RAW DATA -
________________________________________
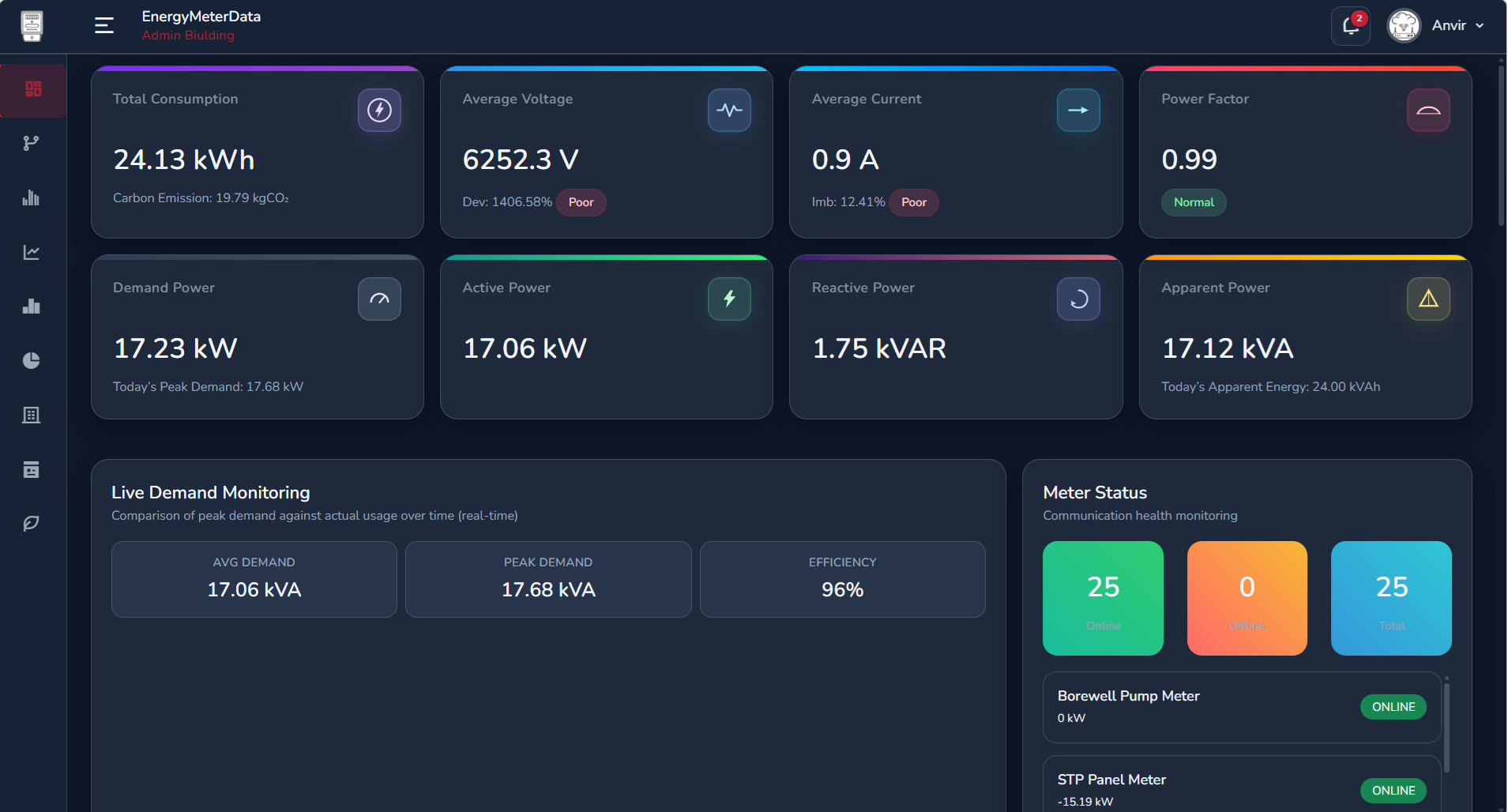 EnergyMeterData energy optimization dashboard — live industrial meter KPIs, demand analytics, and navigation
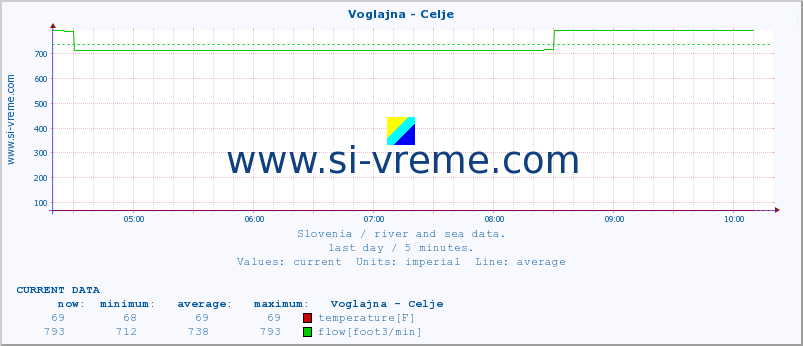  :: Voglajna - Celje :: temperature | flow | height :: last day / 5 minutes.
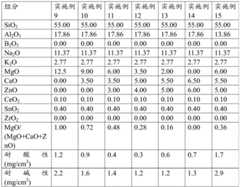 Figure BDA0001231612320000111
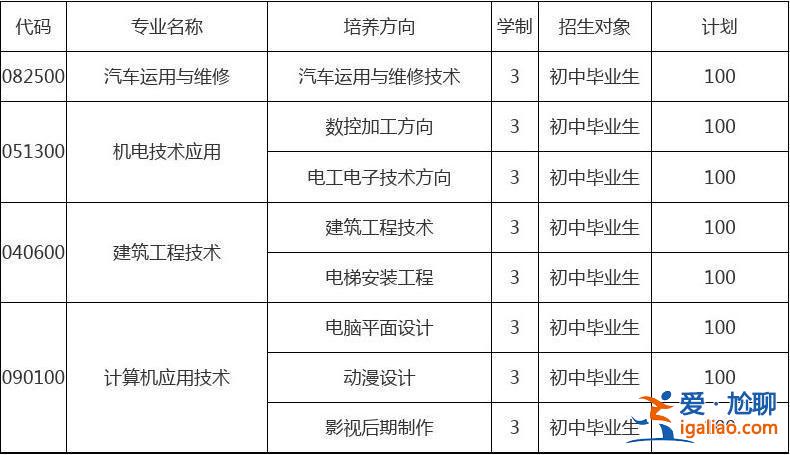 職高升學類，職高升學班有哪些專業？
________________________________________
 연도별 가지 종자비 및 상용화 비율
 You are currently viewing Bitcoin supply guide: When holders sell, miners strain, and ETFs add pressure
________________________________________
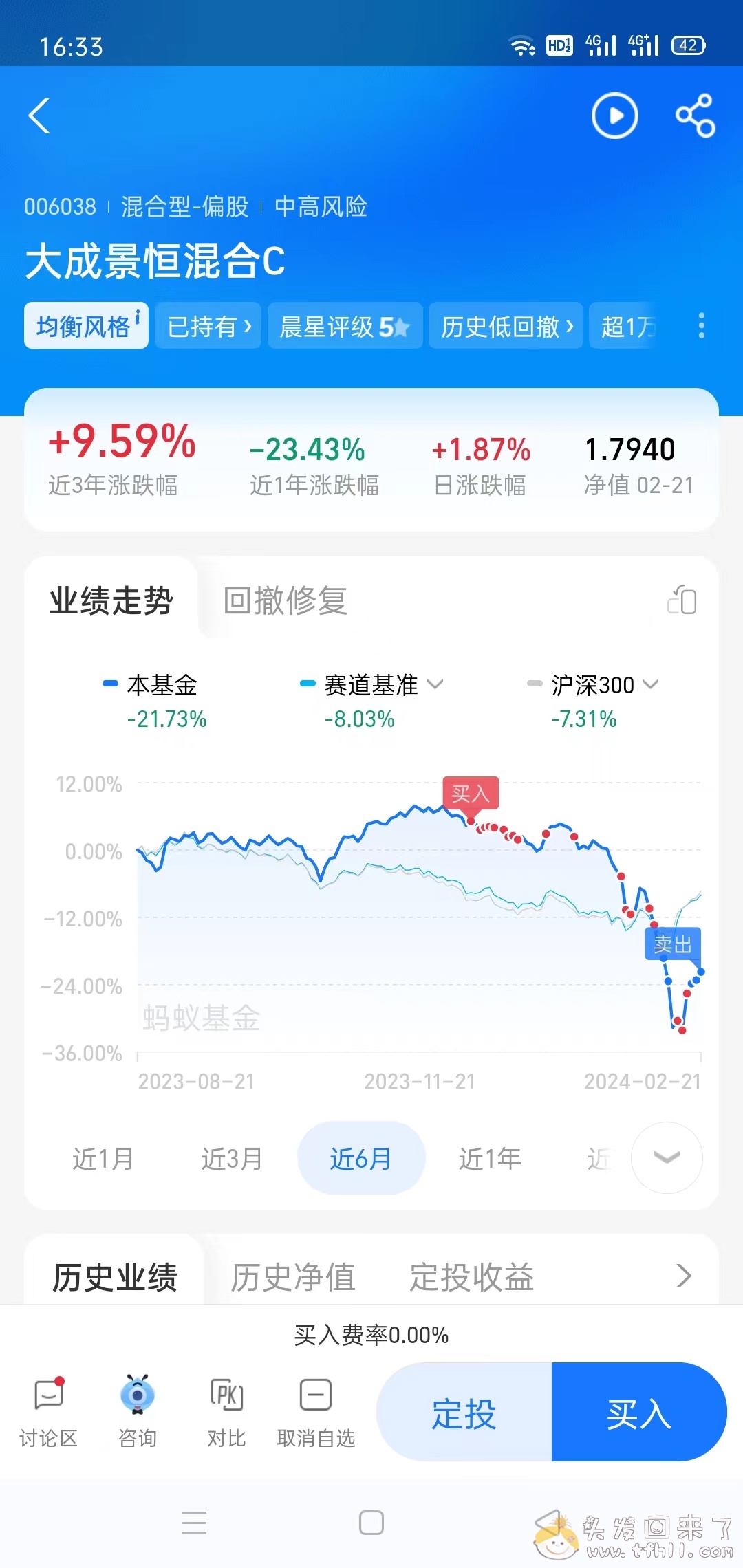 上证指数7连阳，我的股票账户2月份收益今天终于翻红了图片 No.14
________________________________________
TASK TO COMPLETE - Within the listing above, extract exactly the lines that run from the one containing "EnergyMeterData energy optimization" through the one containing "職高升學類，職高升學班有哪些專業？", excluding any pictures.

ANSWER TO THIS EXERCISE -
 EnergyMeterData energy optimization dashboard — live industrial meter KPIs, demand analytics, and navigation
  :: Voglajna - Celje :: temperature | flow | height :: last day / 5 minutes.
 Figure BDA0001231612320000111
 職高升學類，職高升學班有哪些專業？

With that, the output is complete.